AIM OF THE TASK: Find the line with "Volkswagen ID.4 Pro" in the entries below, then output every line from it down to the line with "Secrid Miniwallet Original Black", exactly and with no pictures.

╭─ MATERIAL PROVIDED

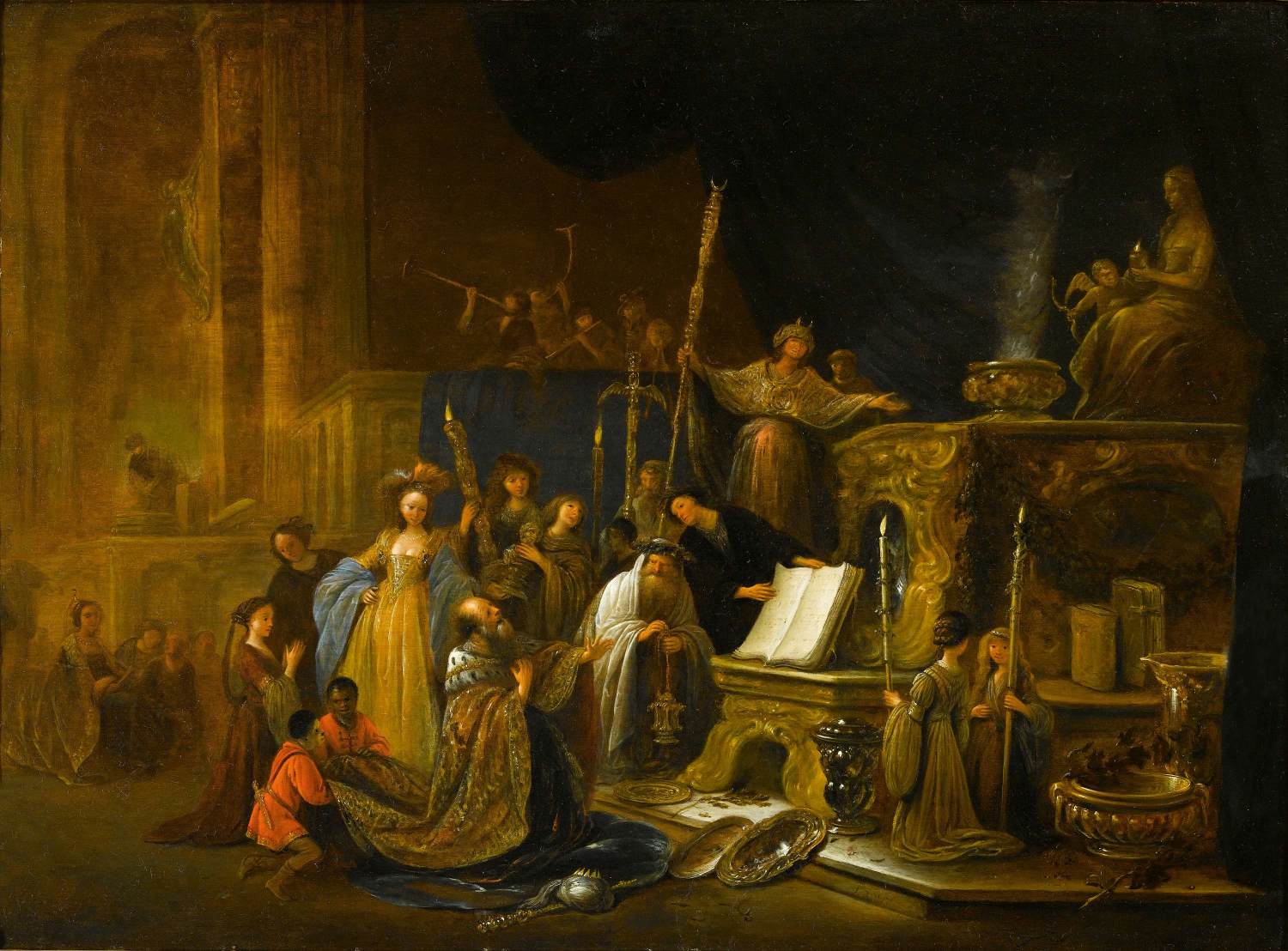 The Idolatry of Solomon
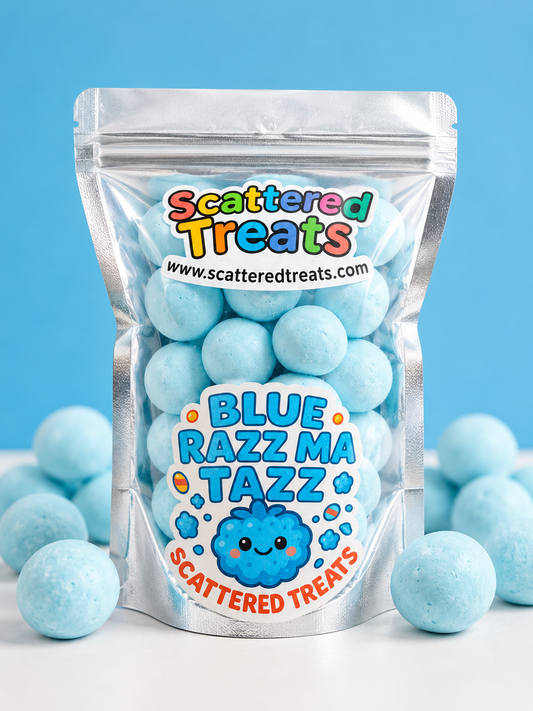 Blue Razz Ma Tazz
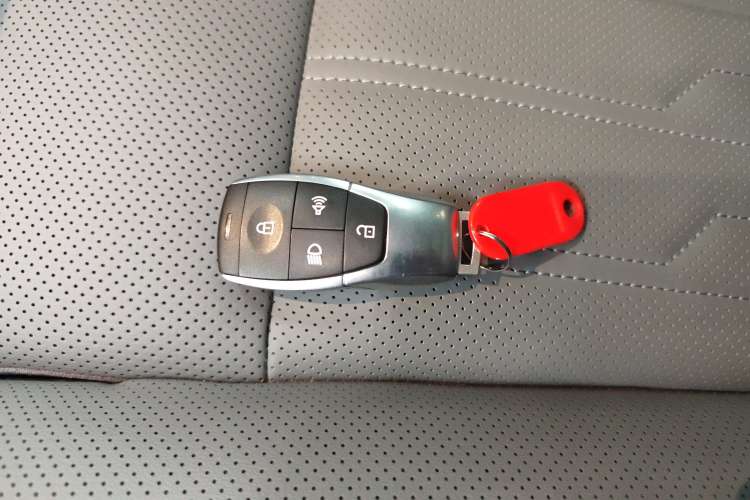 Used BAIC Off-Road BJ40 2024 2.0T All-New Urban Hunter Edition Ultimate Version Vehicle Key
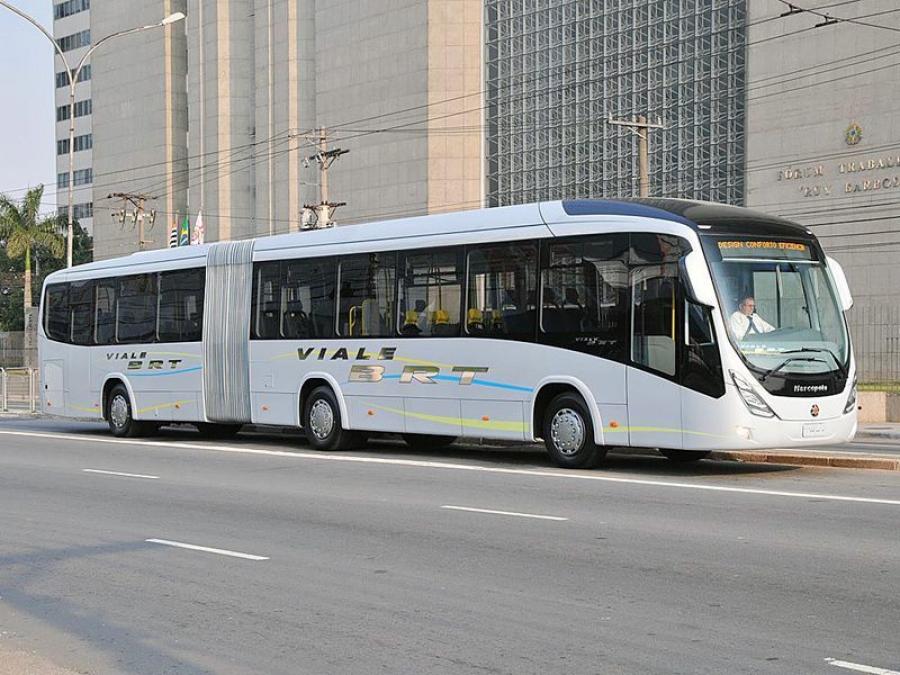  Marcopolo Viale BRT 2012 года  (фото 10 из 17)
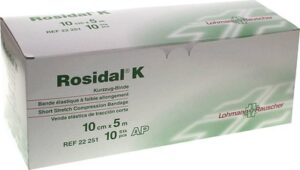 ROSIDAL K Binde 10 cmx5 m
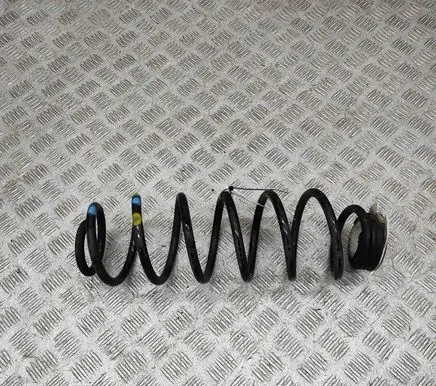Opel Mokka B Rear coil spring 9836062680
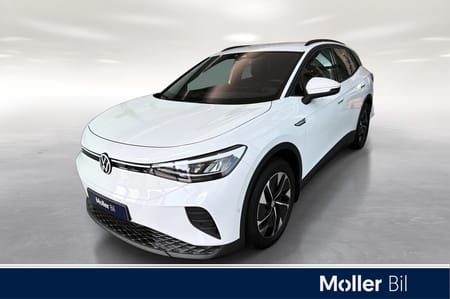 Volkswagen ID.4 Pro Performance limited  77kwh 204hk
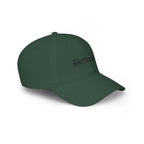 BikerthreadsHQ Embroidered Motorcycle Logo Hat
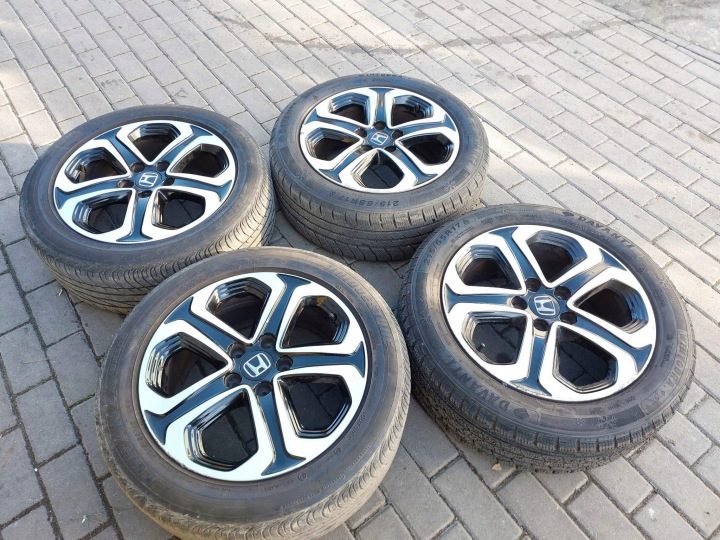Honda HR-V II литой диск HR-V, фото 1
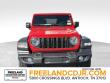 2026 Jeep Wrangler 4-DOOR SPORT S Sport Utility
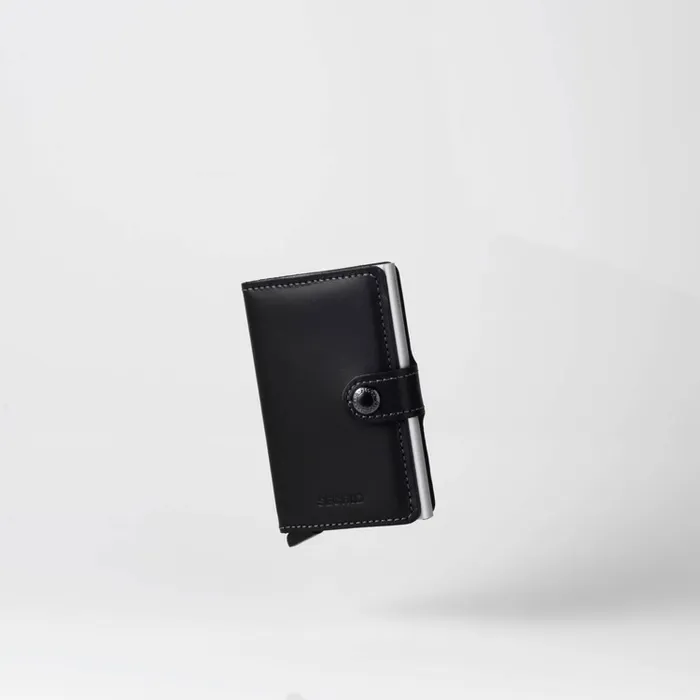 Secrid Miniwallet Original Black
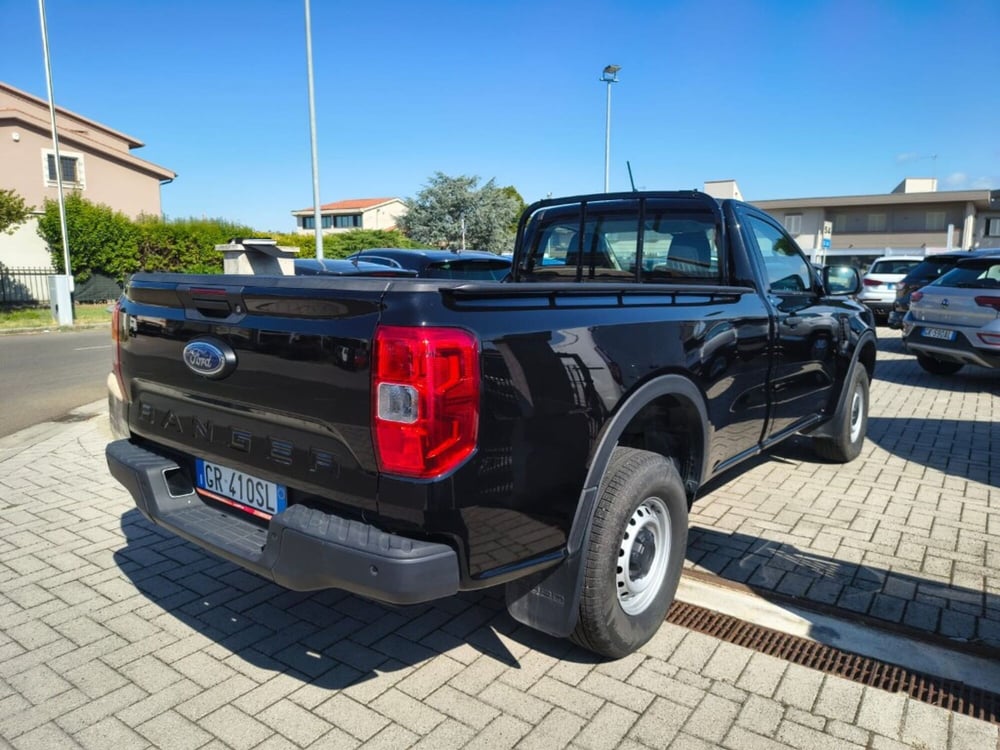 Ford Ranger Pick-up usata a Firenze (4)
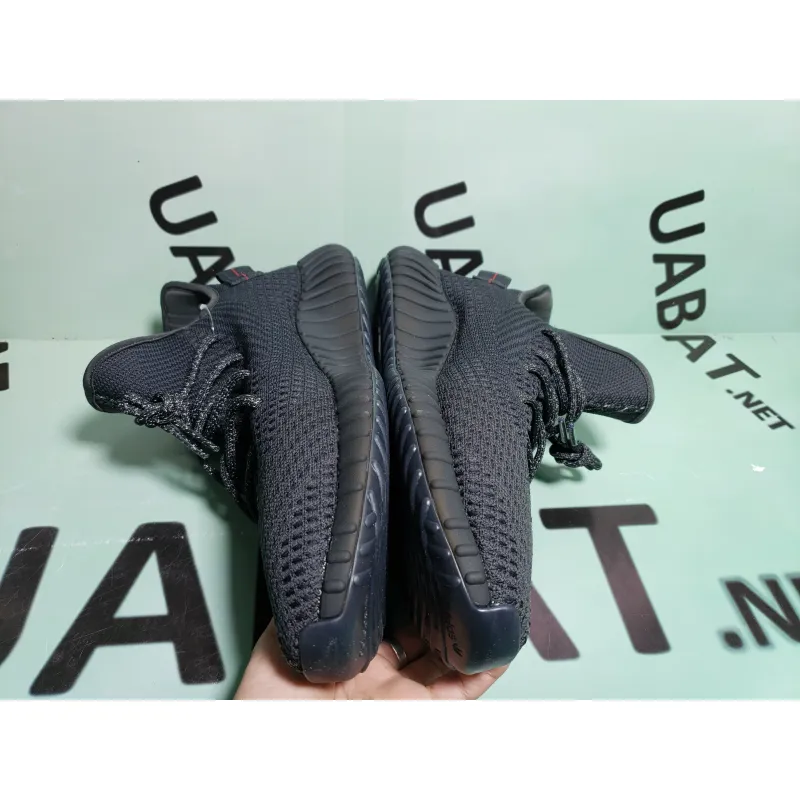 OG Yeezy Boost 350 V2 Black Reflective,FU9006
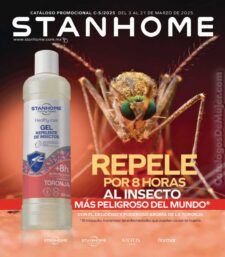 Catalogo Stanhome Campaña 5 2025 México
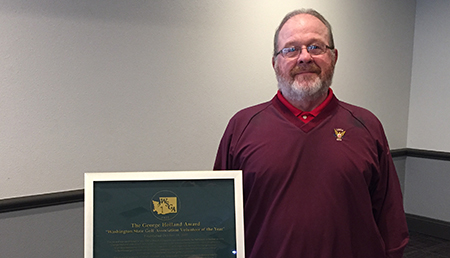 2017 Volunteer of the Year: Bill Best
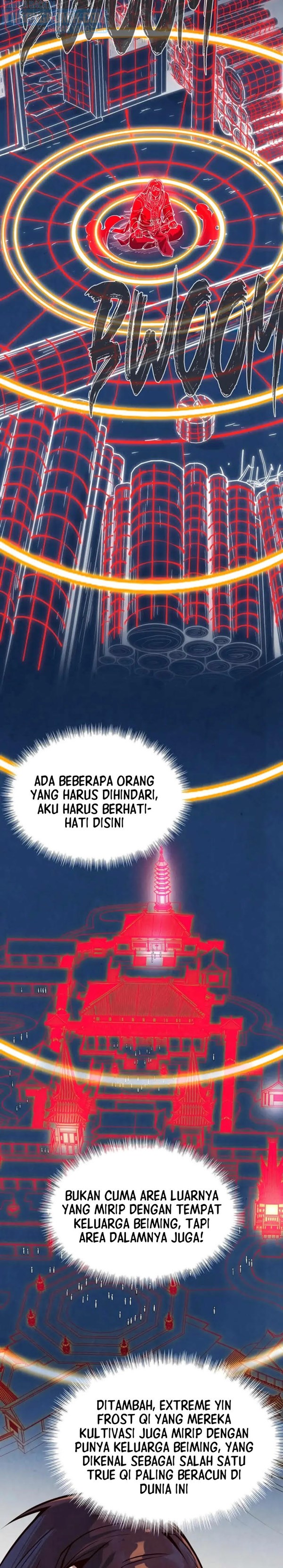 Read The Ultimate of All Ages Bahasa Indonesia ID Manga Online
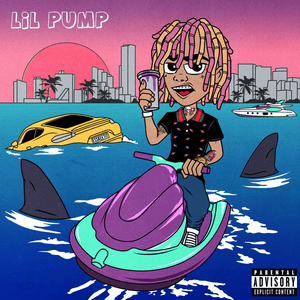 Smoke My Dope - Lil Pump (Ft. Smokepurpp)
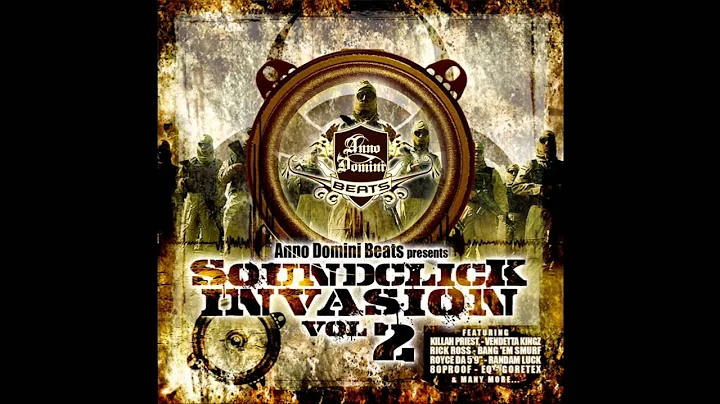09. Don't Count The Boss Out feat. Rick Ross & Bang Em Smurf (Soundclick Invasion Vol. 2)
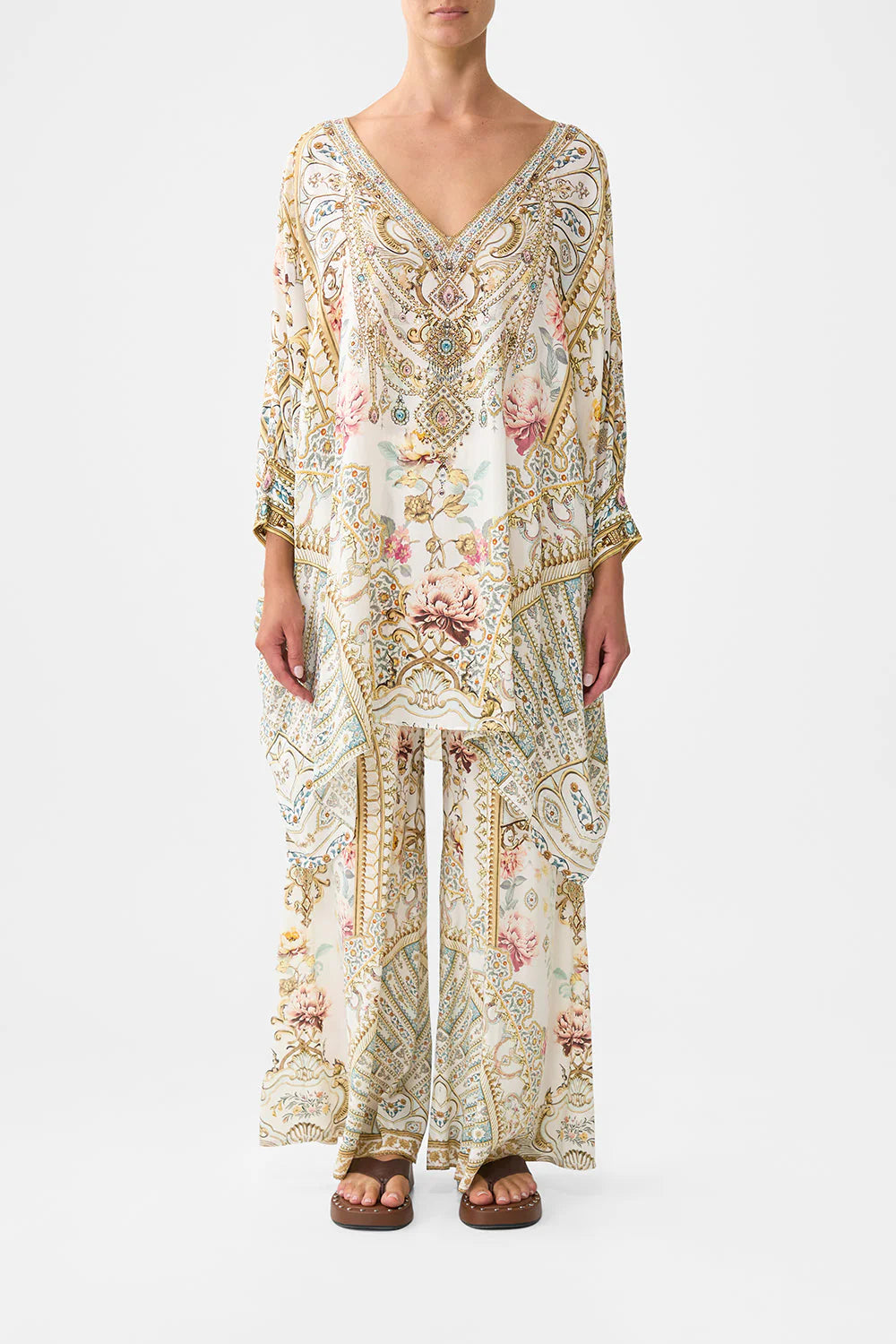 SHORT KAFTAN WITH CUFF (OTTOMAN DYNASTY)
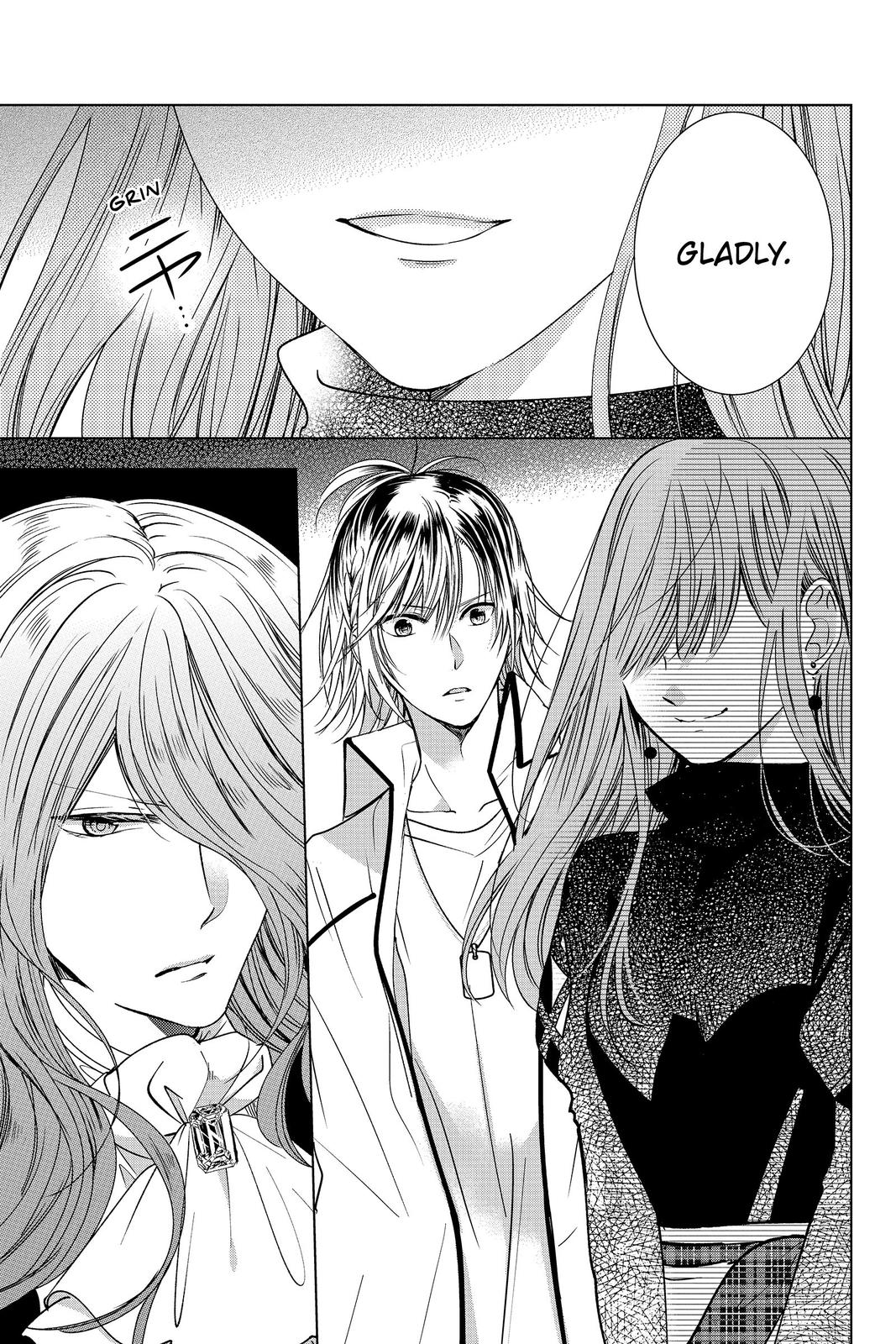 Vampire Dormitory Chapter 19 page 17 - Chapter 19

╰─

COMPLETED TASK:
 Volkswagen ID.4 Pro Performance limited  77kwh 204hk
 BikerthreadsHQ Embroidered Motorcycle Logo Hat
Honda HR-V II литой диск HR-V, фото 1
 2026 Jeep Wrangler 4-DOOR SPORT S Sport Utility
 Secrid Miniwallet Original Black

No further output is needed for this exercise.